New Teacher Recruitment is Collapsing

According to the latest Federal Title 2 data, enrollment into teacher prep programs has collapsed by 9.12% in Ohio. We're not the first to notice this trend, nor is it isolated to Ohio.

The Washington Post reports that Teacher for America may miss their recruitment goals by as much as 25%. Here's part of the memo sent out by the TFA CEO to partners

Dear Colleagues, With a few months to go in our recruitment season, we’d like to share an update on our work, including the patterns we’re seeing among the college seniors, graduate students, and professionals we’re working to recruit. As always, we’d welcome your advice and collaboration.
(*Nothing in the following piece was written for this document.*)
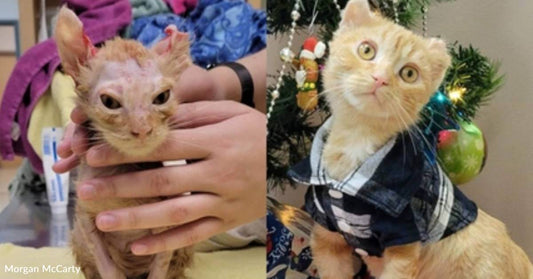 Kitten Was Nearing Death with Third Degree Burns, Now He's Wearing Onesies in a Safe Home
At this point, we’re tracking toward an incoming corps that may be smaller than the current one, and because demand for corps members has grown in recent years, we could fall short of our partners’ overall needs by more than 25 percent. We understand that this has very real implications for you and your students, and though we’ve still got nearly half our recruitment season to go, we wanted to keep you in the loop.

Today’s education climate is tough—fewer Americans rate education as a “top 2” national issue today, and teacher satisfaction has dipped precipitously in recent years—down from 62% in 2008 to 39% in 2012. Additionally, an increasingly polarized public conversation around education, coupled with shaky district budgets, is challenging the perception of teaching as a stable, fulfilling profession; in turn, we’re seeing decreased interest in entering the field nationwide. (You can read analysis of this trend here in Education Week.) We’ve felt some of this same polarization around TFA. At the same time, the broader economy is improving and young people have more job options than in recent years. Having experienced the national recession through much of their adolescence, college graduates today are placing a greater premium on what they see as financially sustainable professions. Teaching and public service have receded as primary options.

The same pattern of apathy towards teaching was highlighted by Ed Week in a recent article titled Steep Drops Seen in Teacher-Prep Enrollment Numbers

Massive changes to the profession, coupled with budget woes, appear to be shaking the image of teaching as a stable, engaging career. Nationwide, enrollments in university teacher-preparation programs have fallen by about 10 percent from 2004 to 2012, according to federal estimates from the U.S. Department of Education's postsecondary data collection.
[...]
"It is an alarming trend," said Mary Vixie Sandy, the executive director of the California Commission on Teaching Credentials, which enforces the state's teacher-preparation standards. "We are going to see it play out in this year and in the coming year with an increase in demand, and a not very deep pool of teachers to fulfill that demand."
[...]
If an uncertain economy is one likely explanation for the drop, analysts also point to other, less tangible causes: lots of press around changes to teachers' evaluations, more rigorous academic-content standards, and the perception in some quarters that teachers are being blamed for schools' problems.

Ed Week produced the graph below to show some of the trends

Corporate education reformers set about creating a climate of "accountability" to drive out "bad teachers" and replace them with "superstars". All they appear to have accomplished is creating a byzantine accountability system that doesn't work, isn't fair and is actively driving away tens of thousands of potential new teachers.